> **Records drawn from a dataset**:
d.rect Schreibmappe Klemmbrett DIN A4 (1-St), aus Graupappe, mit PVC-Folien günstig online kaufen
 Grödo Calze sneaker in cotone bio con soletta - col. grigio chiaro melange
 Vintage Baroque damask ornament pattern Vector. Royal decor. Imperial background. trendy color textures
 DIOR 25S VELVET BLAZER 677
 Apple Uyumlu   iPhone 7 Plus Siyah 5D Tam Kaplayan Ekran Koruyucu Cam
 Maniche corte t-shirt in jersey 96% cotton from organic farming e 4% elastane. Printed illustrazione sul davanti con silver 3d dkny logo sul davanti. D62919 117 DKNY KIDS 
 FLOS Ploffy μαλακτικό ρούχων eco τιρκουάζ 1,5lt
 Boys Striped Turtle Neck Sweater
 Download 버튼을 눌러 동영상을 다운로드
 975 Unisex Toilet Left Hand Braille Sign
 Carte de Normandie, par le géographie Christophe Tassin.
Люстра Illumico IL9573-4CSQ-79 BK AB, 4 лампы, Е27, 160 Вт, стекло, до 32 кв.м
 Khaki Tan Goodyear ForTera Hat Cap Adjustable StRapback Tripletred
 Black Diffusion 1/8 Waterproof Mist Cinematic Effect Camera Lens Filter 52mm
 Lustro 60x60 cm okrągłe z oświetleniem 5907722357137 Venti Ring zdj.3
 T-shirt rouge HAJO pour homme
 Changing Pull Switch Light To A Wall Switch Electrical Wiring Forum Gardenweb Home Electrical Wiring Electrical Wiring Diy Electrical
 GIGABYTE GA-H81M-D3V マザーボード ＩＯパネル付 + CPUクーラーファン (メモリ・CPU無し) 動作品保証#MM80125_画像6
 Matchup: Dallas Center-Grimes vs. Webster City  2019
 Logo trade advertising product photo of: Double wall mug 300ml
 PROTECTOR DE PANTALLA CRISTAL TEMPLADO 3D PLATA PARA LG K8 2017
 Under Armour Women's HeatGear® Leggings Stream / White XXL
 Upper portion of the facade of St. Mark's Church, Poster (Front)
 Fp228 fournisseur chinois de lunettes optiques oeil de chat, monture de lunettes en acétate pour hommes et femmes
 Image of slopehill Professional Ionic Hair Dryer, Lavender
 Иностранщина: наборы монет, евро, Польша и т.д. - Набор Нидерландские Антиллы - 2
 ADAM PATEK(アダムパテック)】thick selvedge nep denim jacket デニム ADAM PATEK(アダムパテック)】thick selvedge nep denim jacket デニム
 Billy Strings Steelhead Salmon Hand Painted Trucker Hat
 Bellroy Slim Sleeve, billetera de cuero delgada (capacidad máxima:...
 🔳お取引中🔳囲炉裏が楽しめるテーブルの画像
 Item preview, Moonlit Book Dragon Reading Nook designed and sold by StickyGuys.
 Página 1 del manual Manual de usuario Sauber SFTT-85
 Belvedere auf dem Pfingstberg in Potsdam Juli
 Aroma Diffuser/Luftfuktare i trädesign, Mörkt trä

> **Task description**: Where the string "Hand" turns up in a line of the data above, copy that whole line.

> **Result for this exercise**:
 975 Unisex Toilet Left Hand Braille Sign
 Billy Strings Steelhead Salmon Hand Painted Trucker Hat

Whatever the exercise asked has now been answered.